WORK ITEM. Without any pictures, print exactly the lines that run from the start of the data through the line containing "A person XYZ".
** DATASET EXCERPT follows **
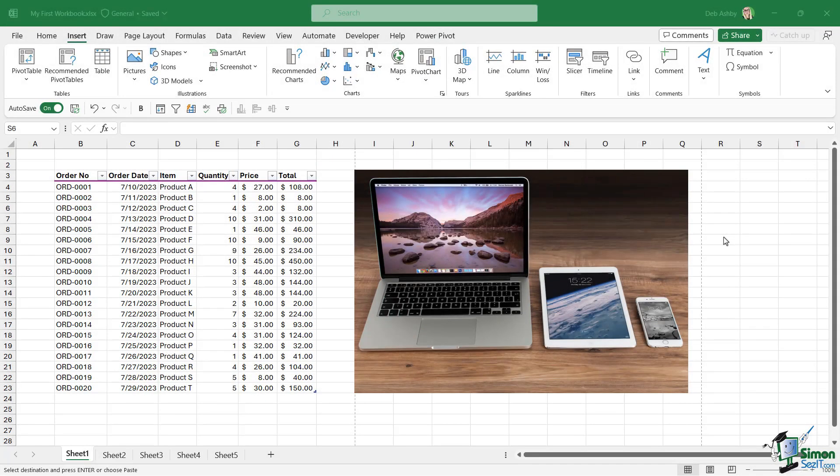So far in this course we've seen how to create a brand new blank workbook, but there are lots of other methods we can use to save time. One of those methods is to use templates.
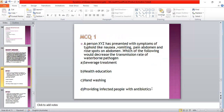A person XYZ presents with symptoms of nausea, vomiting, pain abdomen, and growth for an abdomen. Which of the following would decrease the contamination rate of this water-borne transmission? A: preventive treatment; B: health education; C: hand-washing; D: providing infected people with antibiotics.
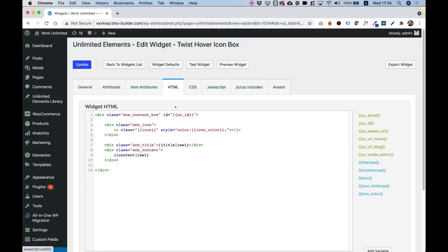In the HTML tab, you can see it's pretty simple. There is an icon, a title, and the content. We want to add under the content, so I'm going to open a new div — just simple HTML. Right now we're going to start with static HTML, so let's add our link.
** End of DATASET EXCERPT **
OUTPUT OF THE TASK.
So far in this course we've seen how to create a brand new blank workbook, but there are lots of other methods we can use to save time. One of those methods is to use templates.
A person XYZ presents with symptoms of nausea, vomiting, pain abdomen, and growth for an abdomen. Which of the following would decrease the contamination rate of this water-borne transmission? A: preventive treatment; B: health education; C: hand-washing; D: providing infected people with antibiotics.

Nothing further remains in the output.